#### Records for the exercise

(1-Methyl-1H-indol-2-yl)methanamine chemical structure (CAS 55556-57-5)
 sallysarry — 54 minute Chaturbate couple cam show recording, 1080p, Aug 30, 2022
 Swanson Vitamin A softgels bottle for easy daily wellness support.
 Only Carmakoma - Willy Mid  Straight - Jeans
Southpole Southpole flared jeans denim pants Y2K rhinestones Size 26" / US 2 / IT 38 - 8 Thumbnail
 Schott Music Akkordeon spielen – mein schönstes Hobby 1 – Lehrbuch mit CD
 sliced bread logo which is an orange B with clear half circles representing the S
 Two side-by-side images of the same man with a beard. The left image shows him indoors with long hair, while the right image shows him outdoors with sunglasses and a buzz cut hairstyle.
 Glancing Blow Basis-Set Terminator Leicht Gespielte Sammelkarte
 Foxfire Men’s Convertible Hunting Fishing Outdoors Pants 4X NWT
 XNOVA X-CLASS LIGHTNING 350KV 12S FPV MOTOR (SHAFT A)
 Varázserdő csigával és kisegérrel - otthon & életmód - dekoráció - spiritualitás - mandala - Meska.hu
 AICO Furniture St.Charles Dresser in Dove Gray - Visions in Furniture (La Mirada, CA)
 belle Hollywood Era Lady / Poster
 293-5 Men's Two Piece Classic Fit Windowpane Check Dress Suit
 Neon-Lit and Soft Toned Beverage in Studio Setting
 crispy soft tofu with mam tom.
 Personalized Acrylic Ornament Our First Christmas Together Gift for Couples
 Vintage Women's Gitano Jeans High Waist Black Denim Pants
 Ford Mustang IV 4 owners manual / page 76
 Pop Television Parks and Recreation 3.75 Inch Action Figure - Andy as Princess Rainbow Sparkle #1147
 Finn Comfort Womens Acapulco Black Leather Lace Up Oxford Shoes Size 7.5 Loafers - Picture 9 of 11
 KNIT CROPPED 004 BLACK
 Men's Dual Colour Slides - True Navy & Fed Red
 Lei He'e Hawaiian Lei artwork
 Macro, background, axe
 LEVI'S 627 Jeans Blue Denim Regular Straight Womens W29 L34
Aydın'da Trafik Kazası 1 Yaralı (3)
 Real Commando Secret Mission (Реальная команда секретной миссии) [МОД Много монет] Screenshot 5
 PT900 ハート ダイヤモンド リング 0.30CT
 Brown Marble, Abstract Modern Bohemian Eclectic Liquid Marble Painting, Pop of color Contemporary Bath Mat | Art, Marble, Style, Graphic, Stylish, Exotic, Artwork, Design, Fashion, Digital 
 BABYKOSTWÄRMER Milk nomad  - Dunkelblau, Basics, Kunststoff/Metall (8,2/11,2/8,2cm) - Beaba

########

» **Required work**
Would you reproduce the material above exactly as it reads?

» **Solution for this exercise**
(1-Methyl-1H-indol-2-yl)methanamine chemical structure (CAS 55556-57-5)
 sallysarry — 54 minute Chaturbate couple cam show recording, 1080p, Aug 30, 2022
 Swanson Vitamin A softgels bottle for easy daily wellness support.
 Only Carmakoma - Willy Mid  Straight - Jeans
Southpole Southpole flared jeans denim pants Y2K rhinestones Size 26" / US 2 / IT 38 - 8 Thumbnail
 Schott Music Akkordeon spielen – mein schönstes Hobby 1 – Lehrbuch mit CD
 sliced bread logo which is an orange B with clear half circles representing the S
 Two side-by-side images of the same man with a beard. The left image shows him indoors with long hair, while the right image shows him outdoors with sunglasses and a buzz cut hairstyle.
 Glancing Blow Basis-Set Terminator Leicht Gespielte Sammelkarte
 Foxfire Men’s Convertible Hunting Fishing Outdoors Pants 4X NWT
 XNOVA X-CLASS LIGHTNING 350KV 12S FPV MOTOR (SHAFT A)
 Varázserdő csigával és kisegérrel - otthon & életmód - dekoráció - spiritualitás - mandala - Meska.hu
 AICO Furniture St.Charles Dresser in Dove Gray - Visions in Furniture (La Mirada, CA)
 belle Hollywood Era Lady / Poster
 293-5 Men's Two Piece Classic Fit Windowpane Check Dress Suit
 Neon-Lit and Soft Toned Beverage in Studio Setting
 crispy soft tofu with mam tom.
 Personalized Acrylic Ornament Our First Christmas Together Gift for Couples
 Vintage Women's Gitano Jeans High Waist Black Denim Pants
 Ford Mustang IV 4 owners manual / page 76
 Pop Television Parks and Recreation 3.75 Inch Action Figure - Andy as Princess Rainbow Sparkle #1147
 Finn Comfort Womens Acapulco Black Leather Lace Up Oxford Shoes Size 7.5 Loafers - Picture 9 of 11
 KNIT CROPPED 004 BLACK
 Men's Dual Colour Slides - True Navy & Fed Red
 Lei He'e Hawaiian Lei artwork
 Macro, background, axe
 LEVI'S 627 Jeans Blue Denim Regular Straight Womens W29 L34
Aydın'da Trafik Kazası 1 Yaralı (3)
 Real Commando Secret Mission (Реальная команда секретной миссии) [МОД Много монет] Screenshot 5
 PT900 ハート ダイヤモンド リング 0.30CT
 Brown Marble, Abstract Modern Bohemian Eclectic Liquid Marble Painting, Pop of color Contemporary Bath Mat | Art, Marble, Style, Graphic, Stylish, Exotic, Artwork, Design, Fashion, Digital 
 BABYKOSTWÄRMER Milk nomad  - Dunkelblau, Basics, Kunststoff/Metall (8,2/11,2/8,2cm) - Beaba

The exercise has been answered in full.